The second Batman story in the issue, "The Mystery Gadget From the Stars!", is a "real" Batman adventure, but with the air of sci-fi unreality tht marked many Silver Age Schiff-edited Batman stories. The splash page shows Batman and Robin confronted by a giant, mutated rabbit and porcupine. "One day, at a site selected by fate to be the cradle of weird events," herb collector Ed Manos comes across an odd red box; "This strange gadget must have been buried in the ground for centuries! Wonder what would happen if I pressed this button?" He just has to find out, and the box emits a beam which strikes a nearby cliffside and causes an underground stream to flow out of the rock. Startled, Manos drops the box and flees. Meanwhile, in Gotham City, Batman and Robin are chasing the wily "Harris boys" who use tear gas to evade them. Before our heroes can find their trail again, the Bat-Signal appears and they are summoned to Waltons Glen, where Ed Manos tells his story as the spurting stream threatens to cause an avalanche upon nearby houses. Batman creates a series of pipes to divert the stream and then searches for the lost mystery gadget. He doesn't find it, but he does find a stalk of wheat with gigantic kernels. Batman concludes that what the gadget does is to speed up the natural development of any object; it caused the hidden stream that otherwise would have remained underground for eons to burst forth, and made the stalk of wheat evolve to a far future form. Where is the box, and what will it do next? Batman warns that if used in Gotham City, the box could cause presently harmless geological flaws in the bedrock under the city to crumble to the point of causing an earthquake. (So that's what caused that "No Man's Land" earthquake....)

Having been picked up by a retriever dog (!), the gadget is taken by the dog's owner into Gotham, where he encounters a stingy store owner chasing away a group of kids asking for a charitable contribution for a clubhouse. The storekeeper throws a hunk of coal at the kids, but the gadget turns the coal into a diamond, making the kids grateful. Their joy is short-lived, though, as a thug, "Little Pete", with mustache and dark glasses, swipes both the diamond and the gadget. Arriving on the scene, Batman and Robin chase Pete in the Batmobile into a forest wildlife preserve, which just happens to be the hideout of the Harris boys. As Pete trips and drogs the box, it transforms three animals, a rabbit, porcupine and lamb, into giant mutated futuristic versions of themselves. The porcupine threatens Batman and Robin by hurling quills, but they use the quills stuck in the ground as pole vaults to get out of the way, and then form the quills into a makeshift cage. Seizing the gadget and finding a "reverse" button on the bottom of the box, Batman turns the animals back to normal and rounds up the Harris boys and Pete.
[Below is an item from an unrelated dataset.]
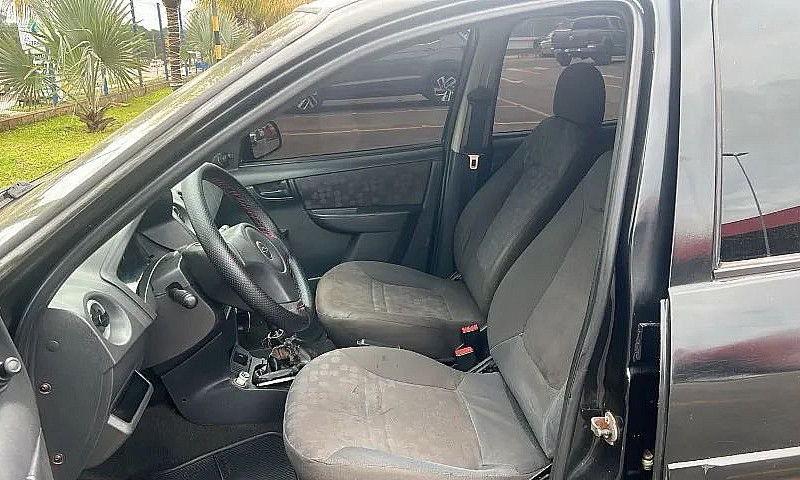 Chevrolet Prisma Sed...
Batman reflects that the gadget which had such potential for harm has instead done good; the stream it created will create valuable irrigation for farms, and it helped inspire the stingy storekeeper to reform and make a real contribution to the needy kids. Nonetheless, Batman concludes that the gadget (we never really find out where it came from) is too dangerous to keep around, and he smashes it with a sledgehammer.
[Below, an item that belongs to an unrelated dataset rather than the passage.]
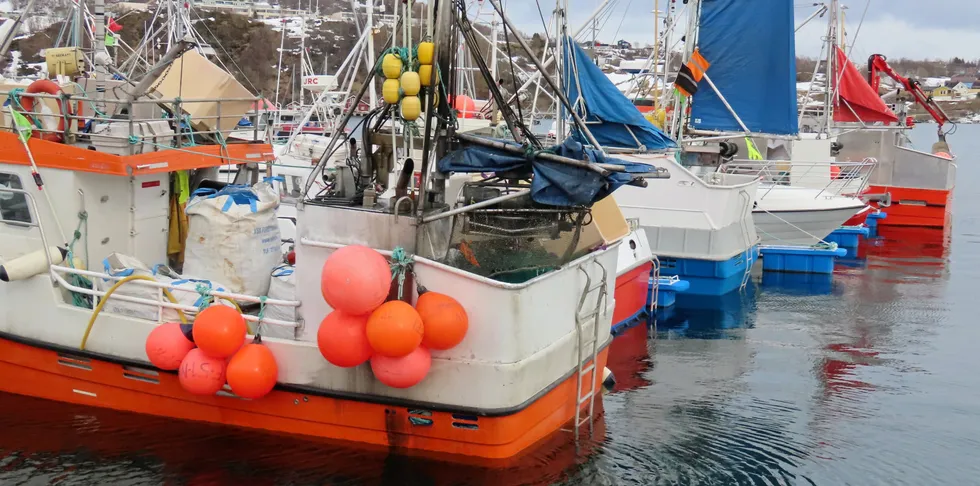 Den første delen av fiskeflåten under 15 meter har nå fått krav om ERS og VMS. Til kommende årsskifte følger hovedtyngden av sjarkflåten etter.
I decided to review this comic because I was looking at another comic of the period, saw a house ad for the issue, and was intrigued enough by the cover to pull out my copy of the issue. However, I'm afraid the issue is mainly a sample of why early Silver Age Batman was in dire need of a "New Look" (which it would get in another couple of years). The premise of the lead story-- how would Batman and Robin cope with losing their secret identities?-- was intriguing enough, but the it-was-just-Alfred's-story cheat ending was hardly satisfying. (Maybe Schiff should just have gone with a Weisinger-style "Imaginary Tale".) And the "Mystery Gadget" tale was disjointed enough to be a Robert Kanigher Wonder Woman tale.